PHPWord
PHPWord copied to clipboard
deleteBlock / replaceBlock doesn't work properly
Hi,
PHPWord is a terrific solution for my needs. Unfortunately I'm not able to use the "deleteBlock" feature since PHPWord doesn't detect the blocks in my files. I raised a ticket in StackOverflow: http://stackoverflow.com/questions/25402045/regexp-in-a-word-xml-why-does-it-not-match Basically I achieved to understand the regexp itself doesn't detect the block in the docx. Any help would be greatly appreciated.
Cheers
Want to back this issue? Post a bounty on it! We accept bounties via Bountysource.
I have the same issue with this.. Has anyone worked it out?
On my side I just created different templates... no other choice. On StOv they pointed out that RegExp is not the best option to parse XML... I guess it's accurate :)
Thanks for the reply, Only I don't think i'm going to be able to create different templates as the client has specific requirements.
The strange bit about it is if I copy the whole template from the 'Sample_23_TemplateBlock.docx' and paste it at the end of my template the DELETEME block gets removed.
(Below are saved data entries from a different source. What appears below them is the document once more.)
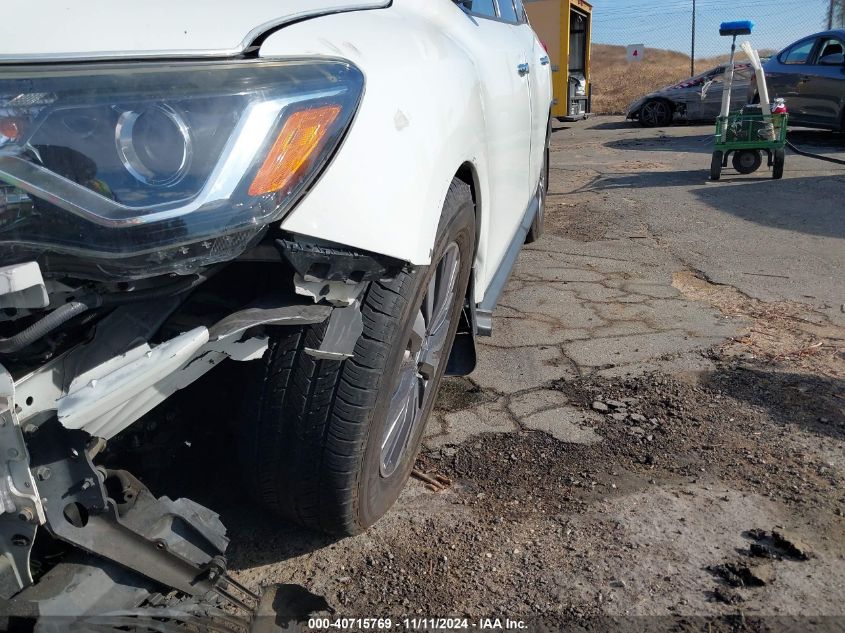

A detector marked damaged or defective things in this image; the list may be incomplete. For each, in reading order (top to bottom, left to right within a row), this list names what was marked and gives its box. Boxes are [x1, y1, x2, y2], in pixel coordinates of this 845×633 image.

damaged frame rail [0, 292, 360, 628]
wrecked car in background [0, 0, 552, 624]
cracked asphalt pavement [155, 116, 840, 624]
wrecked car in background [628, 62, 752, 127] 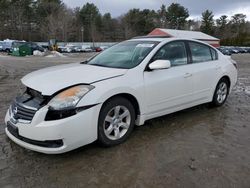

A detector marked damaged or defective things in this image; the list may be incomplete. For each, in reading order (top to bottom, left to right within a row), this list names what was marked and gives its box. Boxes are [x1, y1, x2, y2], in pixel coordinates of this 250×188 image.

crumpled hood [21, 63, 127, 95]
exposed headlight housing [47, 85, 94, 110]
But if I paste it in the middle of my template the DELETEME block isn't removed?..
So I guess I will have to look at other ways to phrase the xml to remove the blocks any help in the right direction would be great thanks.
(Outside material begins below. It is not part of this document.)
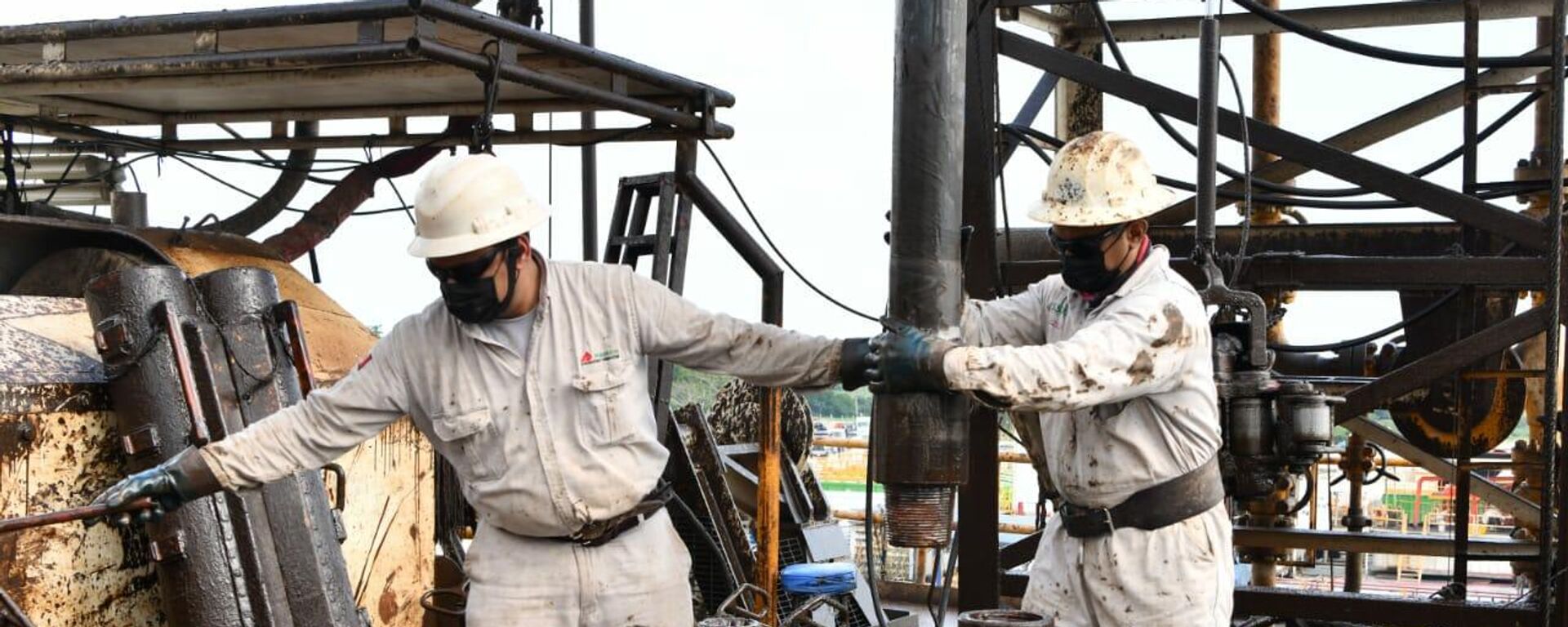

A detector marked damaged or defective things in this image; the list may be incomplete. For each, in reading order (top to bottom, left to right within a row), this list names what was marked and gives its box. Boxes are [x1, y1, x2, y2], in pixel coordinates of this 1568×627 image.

rusty metal tank [1, 213, 435, 624]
I have found a fix for the cloneBLock regex/function which seems to fix this problem in my numerous cases.
/**
* Clone a block
*
* @param string $blockname
* @param integer $clones
* @param boolean $replace
* @return string|null
*/
public function cloneBlock($blockname, $clones = 1, $replace = true)
{
$xmlBlock = null;
preg_match(
'/(<w:p.*>\${' . $blockname . '}<\/w:.*?p>)(.*)(<w:p.*\${\/' . $blockname . '}<\/w:.*?p>)/is',
$this->documentXML,
$matches
);
if (isset($matches[2])) {
$xmlBlock = $matches[2];
$cloned = array();
for ($i = 1; $i <= $clones; $i++) {
$cloned[] = preg_replace('/\${(.*?)}/','${$1_'.$i.'}', $xmlBlock);
}
if ($replace) {
$this->documentXML = str_replace(
$matches[1] . $matches[2] . $matches[3],
implode('', $cloned),
$this->documentXML
);
}
}
I was still having issues with the regular expression, I just couldn't get it to match my template. Here is my version of the method that uses SimpleXML to find the start and end tags, which for me at least seems to be much more robust. It also incorprates chc88's _1, _2, _3, etc for cloned variables.
/**
* Clone a block
*
* @param string $blockname
* @param integer $clones
* @param boolean $replace
* @return string|null
*/
public function cloneBlock($blockname, $clones = 1, $replace = true)
{
// Parse the XML
$xml = new \SimpleXMLElement($this->documentXML);
// Find the starting and ending tags
$startNode = false; $endNode = false;
foreach ($xml->xpath('//w:t') as $node)
{
if (strpos($node, '${'.$blockname.'}') !== false)
{
$startNode = $node;
continue;
}
if (strpos($node, '${/'.$blockname.'}') !== false)
{
$endNode = $node;
break;
}
}
// Make sure we found the tags
if ($startNode === false || $endNode === false)
{
return null;
}
// Find the parent <w:p> node for the start tag
$node = $startNode; $startNode = null;
while (is_null($startNode))
{
$node = $node->xpath('..')[0];
if ($node->getName() == 'p')
{
$startNode = $node;
}
}
// Find the parent <w:p> node for the end tag
$node = $endNode; $endNode = null;
while (is_null($endNode))
{
$node = $node->xpath('..')[0];
if ($node->getName() == 'p')
{
$endNode = $node;
}
}
/*
* NOTE: Because SimpleXML reduces empty tags to "self-closing" tags.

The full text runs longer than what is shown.